Нет, нет, читатель мог не подсказывать: не в распространенной и всякой поэтической душе ведомой «Вечной женственности» Гете или «Софии» Соловьева, не в «пленной царевне, Мировой Душе» Блока, не в «священной любви» Белого, хотя, конечно, и Валерия Дмитриевна, и Олег, как дети своего времени, близко касавшиеся религиозной мысли (Валерия Дмитриевна жила и работала в Узком, где умер В. С. Соловьев, и постоянно об этом помнила) и масонства (от которого она отшатнулась до первого посвящения), весь этот культ «белой церкви» и «Жены, облеченной в Солнце» очень знали и влияние его испытывали. Нет, мне вспомнилось другое.

В одном из лагерных беломорских писем Алексей Федорович Лосев писал своей жене Валентине Михайловне, которая тоже была в это время в лагере: «Мы с тобой за много лет дружбы выработали новые и совершенно оригинальные формы жизни, то соединение науки, философии, духовного брака, на которое мало у кого хватило пороху и почти даже не снилось никакому мещанству из современных ученых, философов, людей брачных и монахов». Они и правда стояли тогда на пороге какого-то нового человеческого единства, услышанного на скрещении любви и Бога, посреди напряженного, забывшего слабость мира. И как это было по-христиански мужественно и скупо, как сдержанно и сильно и как полно сухой, если годится это слово, выжженной поэзии, как в каноне Иоанна Дамаскина, обращенном к апостолам: «Облацы, иже воду животную одождившии, изсохшую мою душу бездождием страстей божественне напойте». Иссохшую — бездождием, сухость — пламенем. Тут-то и поймешь, что хотел сказать Вячеслав Иванов, когда одернул юношу, посетовавшего, что он еще не любил — это все равно, что сказать: я еще не был королем! Как будто это дается каждому.

* * *

Мы увидели, как в действительности редок этот цветок и как тяжка жизнь человека, отмеченного этим даром, как и у всякого Господня избранника в любой другой области человеческого гения. И как много надо было отваги и уже вполне остраненного знания, чтобы в конце жизни спокойно сознавать это: «Я была создана для любви — иного не было у меня дарования. В мире людей любовь разделилась на тело и дух.
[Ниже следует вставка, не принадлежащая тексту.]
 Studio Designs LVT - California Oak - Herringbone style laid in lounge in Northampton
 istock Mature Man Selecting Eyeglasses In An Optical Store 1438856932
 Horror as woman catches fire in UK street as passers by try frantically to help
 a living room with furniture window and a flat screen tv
И я стала, подобно многим, жертвой этого разделения».

Какая неожиданная обмолвка или проговорка — «в мире людей». Словно из другого мира увидела. Да, наверное, так и есть. И мы ведь тоже со всей остротой увидели из этой книги, что любовь — это не только «радость о бытии другого», о чем герои говорили так часто, но и вот эта таинственная радость девства, про которую пишет ей из кавказской пустыни дорогой ее Олег, иеромонах Онисим, с напряжением настоящей борьбы за нее, словно напоминает о райской купели, о божественной родине души, о целомудрии как мудрости восстановленного единства (и как тут не отметить в скобках, что эта тема таинственно связана и с темой страдающей Родины, как было у Блока «О Русь моя! Жена моя!», и у Соловьева, и у Пришвина, и у молодых героев этой горько-счастливой книги).
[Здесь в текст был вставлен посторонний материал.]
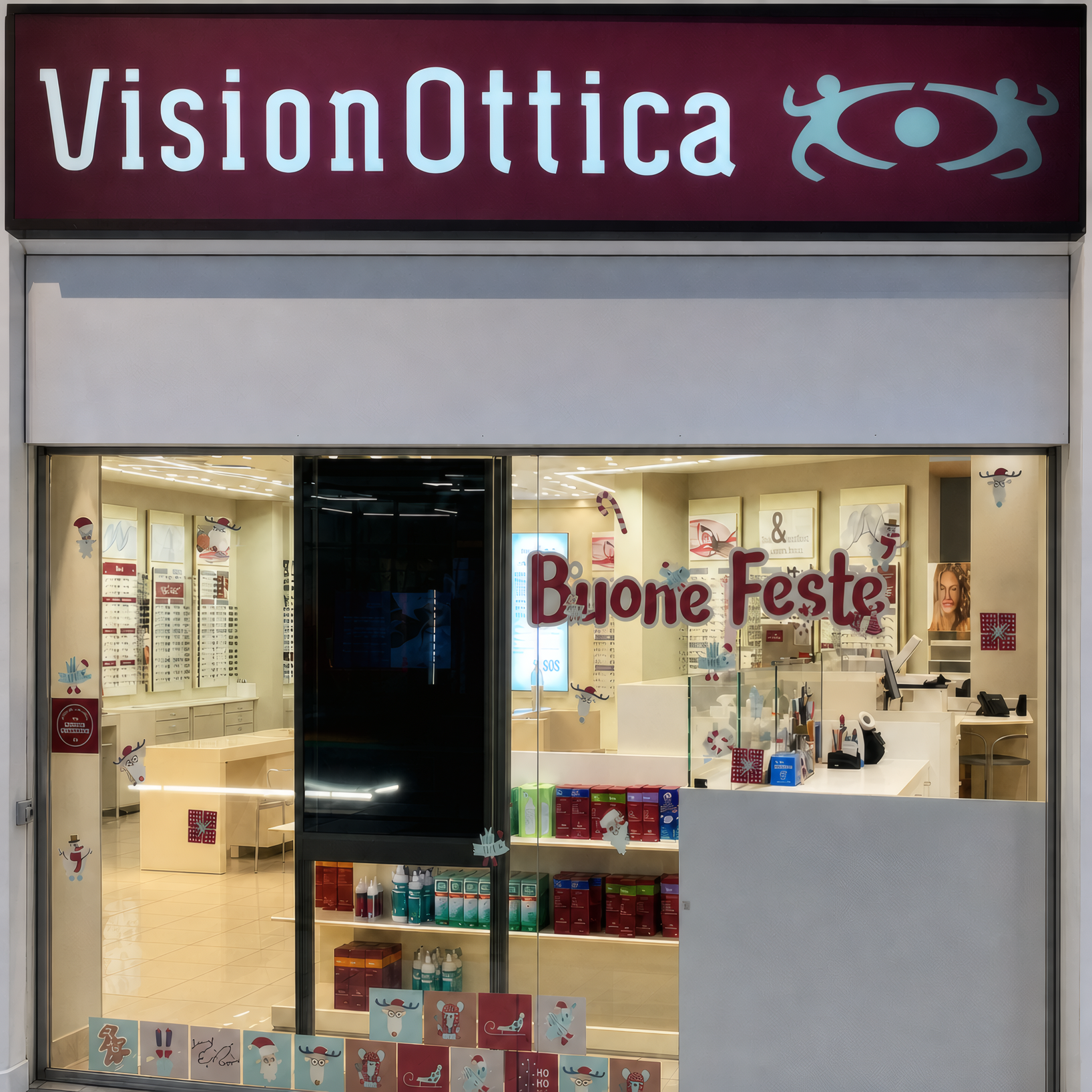 Ingresso del negozio VisionOttica Virgilio di Cerese in centro commerciale con insegna bordeaux, vetrina con banner stagionale Buone Feste e interno con espositori di prodotti ottici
Со смертью своего святого друга (сегодня уже слышны голоса о канонизации кавказских исповедников и мучеников и имя иеромонаха Онисима среди них равноправно) ей оставалось сдаться «миру людей» или, как М. М. Пришвин, уже идущий ей навстречу, не терять надежды и не изменять призванию. Олег, вступив с нею на церковный порог, часто потом, уже из монашества, напоминал ей глубокую мысль Исаака Сирина; «Отойди от мира, и он ляжет у твоих ног, как раб». Она еще не знала, что М. М. Пришвин в это время пришел к тому же сам, разве что сказав об этом по-другому: «Когда я стал, мир пошел». Когда художник перестал преследовать мир, тот сам распростерся у ног.

Это была высокая человеческая и христианская зрелость, могучее духовное поспевание. Им обоим предстояло много страданий, но они уже знали, что «от зла, — как пишет Валерия Дмитриевна, — нет иного спасения, кроме мужества и решимости терпеть до конца, но не изменить. В этой решимости и заключается спасение». Терпеть они (как мы знаем из дневников Михаила Михайловича и из ее книги) умели. Не изменить тоже. Теперь им оставалось только встретиться.